Test 2: Agentic Reasoning
Prompt: a user says "I want to start tracking my blood pressure daily, I already have a Withings cuff, set up everything I need." Produce a complete action plan and identify which steps require human action.
REAP produced a reasonable plan but hallucinated platform details ("generate a pairing token and instruction set for the Withings cuff"). That's not how Withings works. The steps were vague and invented a fictional API interaction.
Vanilla was more grounded: Health Mate app, Bluetooth pairing, data sync. Practical and accurate. Correctly identified the human step (physical measurement to verify device).

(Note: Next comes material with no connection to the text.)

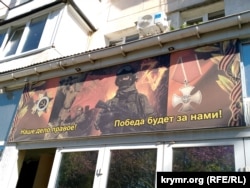 Реклама полномасштабного вторжения РФ в Украину в годовщину Дня Победы во Второй мировой войне в Севастополе, май 2026 года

Vanilla wins: 8/10 vs REAP 6/10.
Test 3: Instruction Fidelity
Prompt: summarize a paragraph in exactly 3 bullets, each under 15 words, no word "important", no intro or conclusion.
Both models nailed it. Perfect constraint compliance. REAP's bullets were slightly richer in information density; vanilla's were slightly more concise. No violations from either.
Tie: 10/10 each.
Test 4: Speed (500-word essay)
Prompt: write a 500-word essay on the geopolitical consequences of AI chip export controls.
| REAP | Vanilla | |
|---|---|---|
| Generation time | 16.2s | 18.4s |
| Approx. speed | ~32 words/s | ~31 words/s |
| Prose quality | Good, several typos | Clean, cut off mid-sentence |
REAP was faster and the essay was substantively strong, but had noticeable typos ("bifurated", "rather simply haliting"). Vanilla was cleaner but ran out of tokens mid-sentence. Both essays covered the material well — decoupling, techno-nationalism, ally friction, the innovation-acceleration paradox.

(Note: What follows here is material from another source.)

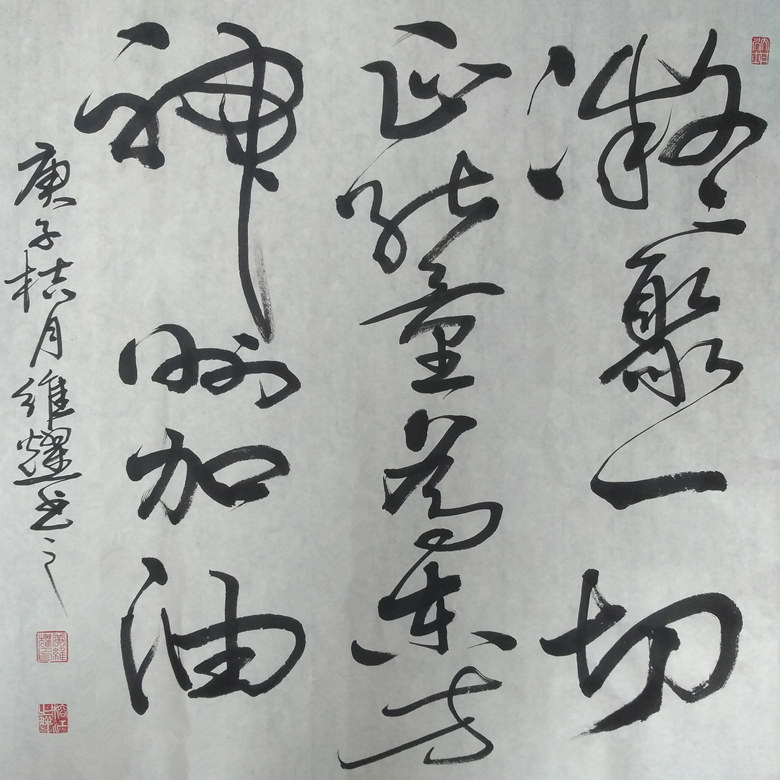 凝聚一切正能量  为东方神州加油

REAP wins on speed: 8/10 vs Vanilla 7/10.
Test 5: Self-Correction
Prompt: the following agent output contains at least 2 errors, find and correct them. The output described teslacmd as requiring "a WiFi connection to your vehicle" and only working "when the car is parked at home."
The trap: teslacmd is a real tool in our stack (Fleet API over cellular, works anywhere). The actual errors were the WiFi claim and the home-only claim. Neither model knew teslacmd existed — both flagged it as a fictional tool and replaced it with the Tesla mobile app. Both correctly caught the WiFi/home errors.

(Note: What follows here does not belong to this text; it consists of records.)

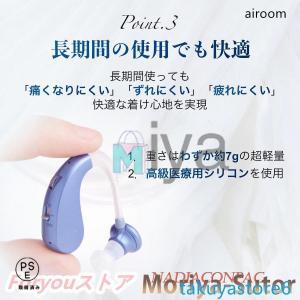 集音器 補聴器との違い 高齢者 充電式 デジタ...の詳細画像4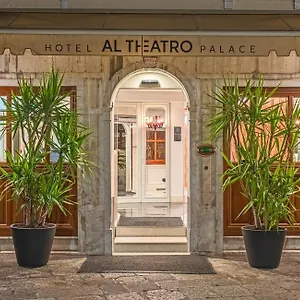 Ξενοδοχείο Al Theatro Palace
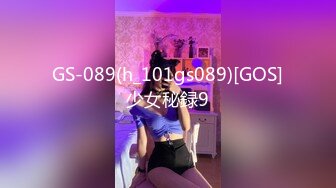 星空传媒XKTC078网恋酒吧嫩妹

This isn't a failure of the models so much as a knowledge cutoff issue — teslacmd is a custom tool, not public knowledge. Both got it half right.
Tie: 5/10 each.
Final Scorecard
| Test | REAP | Vanilla |
|---|---|---|
| 1. Tool Calling | 8 | 8 |
| 2. Agentic Reasoning | 6 | 8 |
| 3. Instruction Fidelity | 10 | 10 |
| 4. Speed / Essay | 8 | 7 |
| 5. Self-Correction | 5 | 5 |
| Total | 37/50 | 38/50 |
Verdict
Vanilla edges REAP by 1 point — essentially a statistical tie. But the character of the differences matters:
- REAP advantages: Slightly faster generation, built-in chain-of-thought when you need it, good instruction following
- Vanilla advantages: More grounded real-world reasoning, fewer hallucinated details, cleaner prose, works in LM Studio
The dealignment fine-tune didn't deliver a meaningful improvement in agentic task performance. REAP's thinking mode is genuinely useful for hard multi-step problems — but you need to explicitly disable it for everyday tasks, and you lose LM Studio support entirely.
Recommendation: Keep vanilla as your daily driver. If you want REAP's reasoning mode for complex tasks, it's worth having around — but be prepared to run it via mlx-lm CLI, pin mlx-lm ≥ 0.31.1, and pass enable_thinking=False by default.
LM Studio support for qwen3_5_moe will probably land in a future release. Worth checking back in a month.
Tests run on Mac Studio M3 Ultra 512GB, macOS 15.4, mlx-lm 0.31.1, MLX 0.24.x. Both models: 4-bit MLX quantization.